### Source data

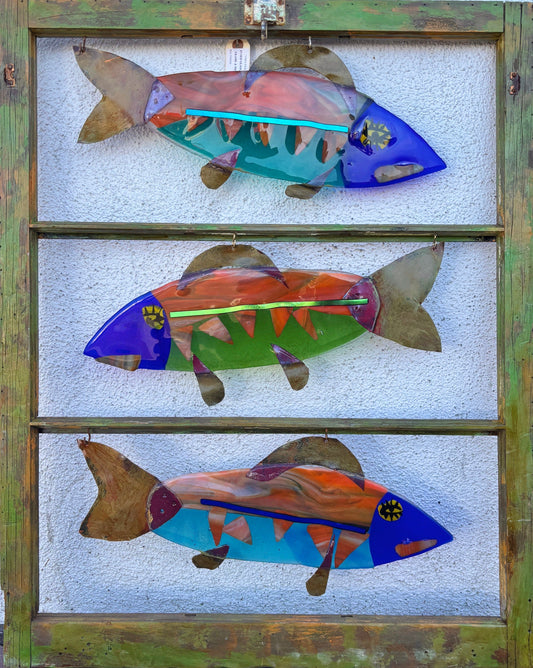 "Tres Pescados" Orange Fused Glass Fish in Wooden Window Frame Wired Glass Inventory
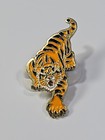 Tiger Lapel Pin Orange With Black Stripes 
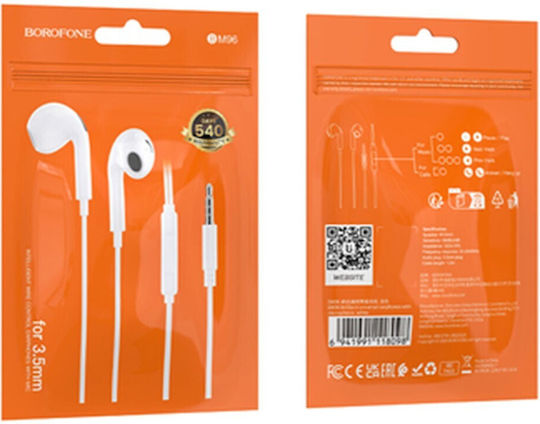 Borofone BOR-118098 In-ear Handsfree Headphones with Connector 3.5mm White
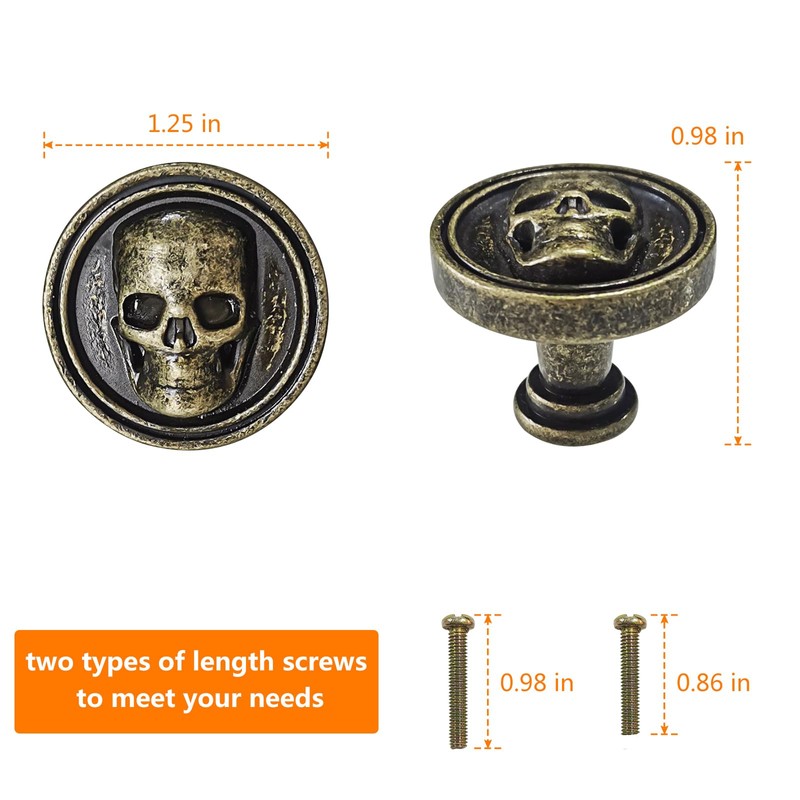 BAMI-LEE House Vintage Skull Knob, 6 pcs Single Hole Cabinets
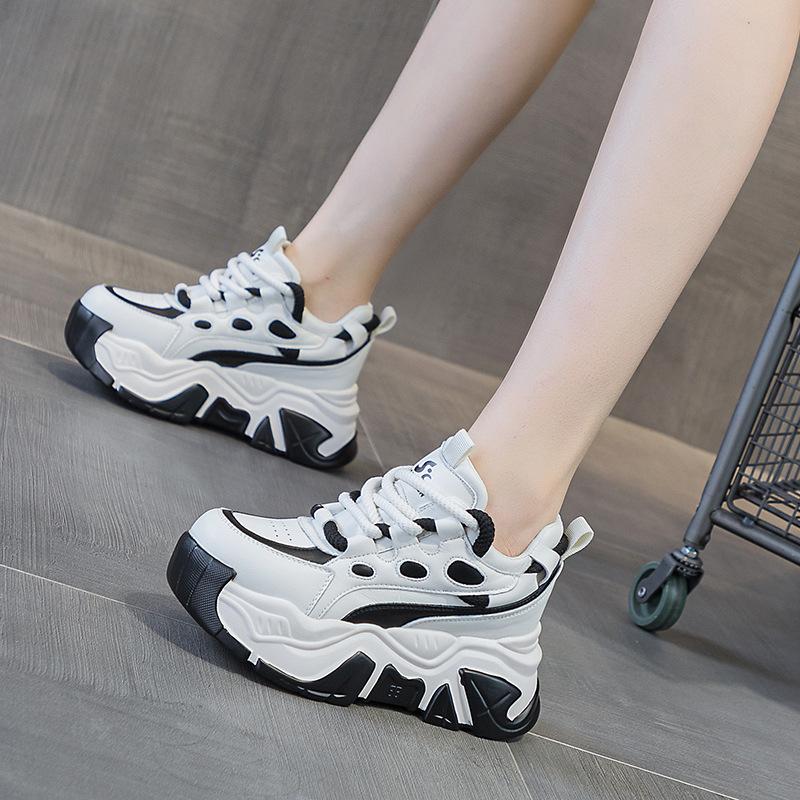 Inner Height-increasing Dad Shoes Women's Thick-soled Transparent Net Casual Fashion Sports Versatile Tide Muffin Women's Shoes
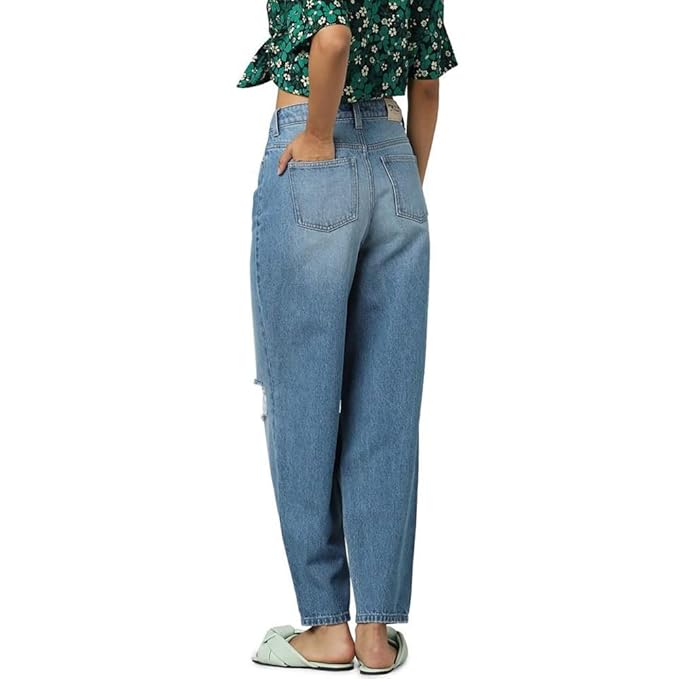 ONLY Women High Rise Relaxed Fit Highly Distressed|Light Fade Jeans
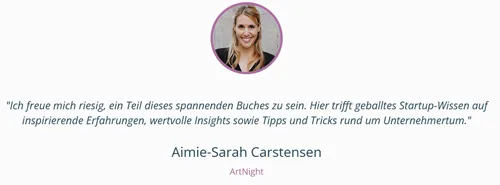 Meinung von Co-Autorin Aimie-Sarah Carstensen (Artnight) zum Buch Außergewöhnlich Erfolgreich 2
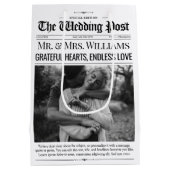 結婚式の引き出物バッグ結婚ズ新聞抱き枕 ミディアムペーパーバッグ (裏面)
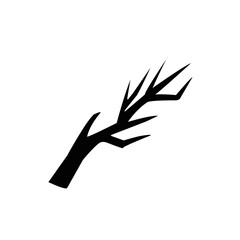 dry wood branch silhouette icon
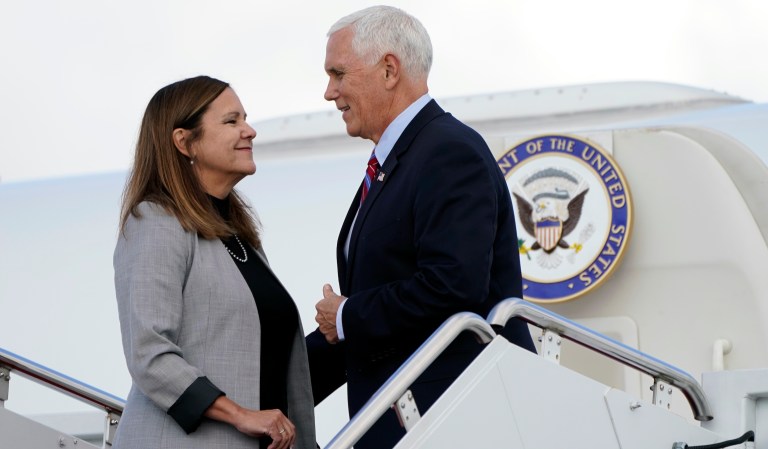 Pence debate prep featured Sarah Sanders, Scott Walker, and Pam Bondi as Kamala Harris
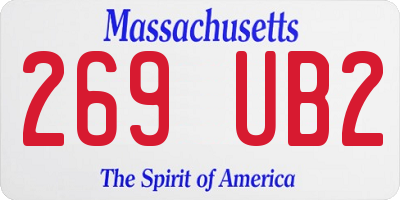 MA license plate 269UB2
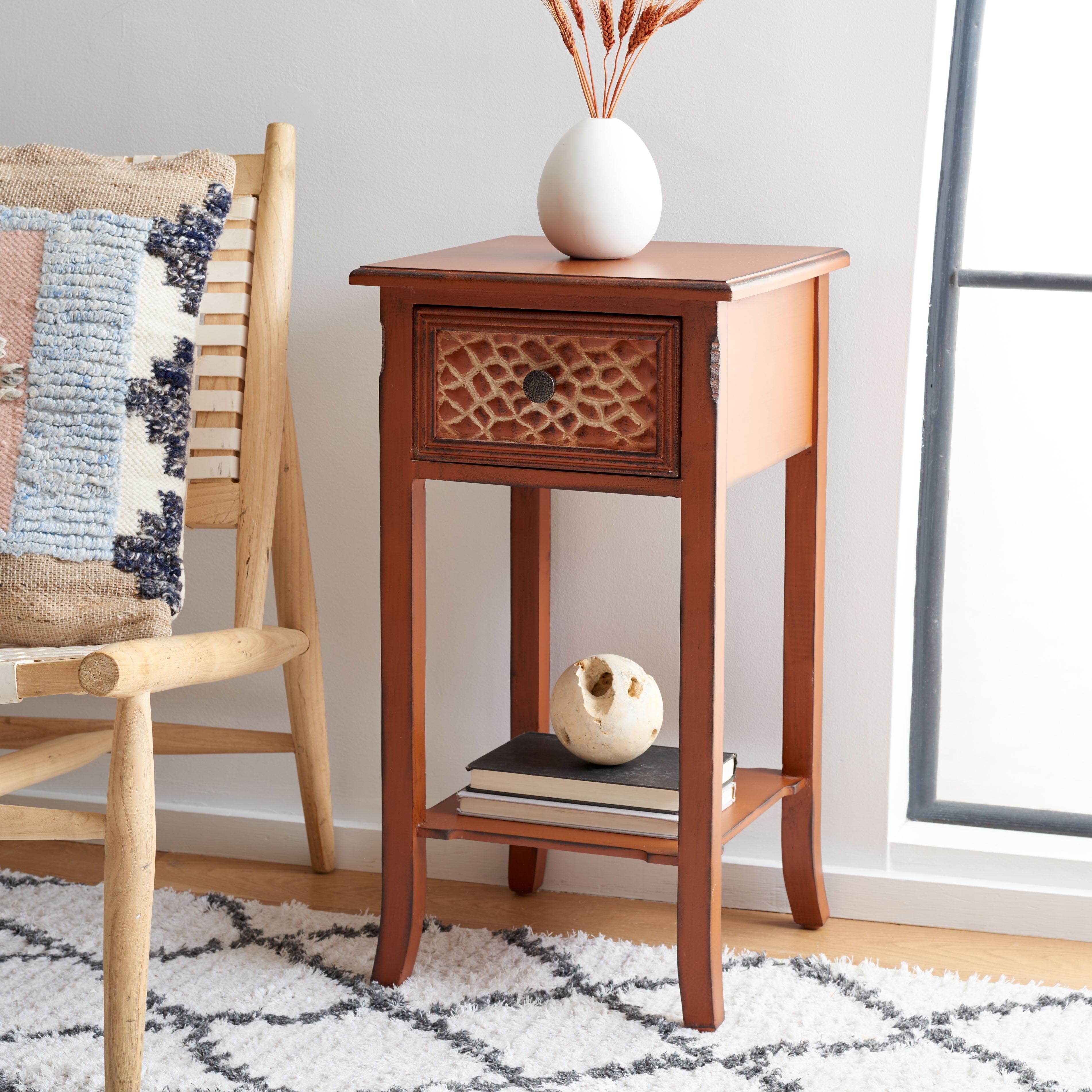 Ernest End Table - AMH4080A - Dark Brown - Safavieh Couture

### Exercise directions
Each line from the start of the listing above through the line with "結婚式の引き出物バッグ結婚ズ新聞抱き枕 ミディアムペーパーバッグ (裏面)" is what to output, exactly as written and without pictures.

### Reply to the exercise
 "Tres Pescados" Orange Fused Glass Fish in Wooden Window Frame Wired Glass Inventory
 Tiger Lapel Pin Orange With Black Stripes 
 Borofone BOR-118098 In-ear Handsfree Headphones with Connector 3.5mm White
 BAMI-LEE House Vintage Skull Knob, 6 pcs Single Hole Cabinets
 Inner Height-increasing Dad Shoes Women's Thick-soled Transparent Net Casual Fashion Sports Versatile Tide Muffin Women's Shoes
 ONLY Women High Rise Relaxed Fit Highly Distressed|Light Fade Jeans
 Meinung von Co-Autorin Aimie-Sarah Carstensen (Artnight) zum Buch Außergewöhnlich Erfolgreich 2
 結婚式の引き出物バッグ結婚ズ新聞抱き枕 ミディアムペーパーバッグ (裏面)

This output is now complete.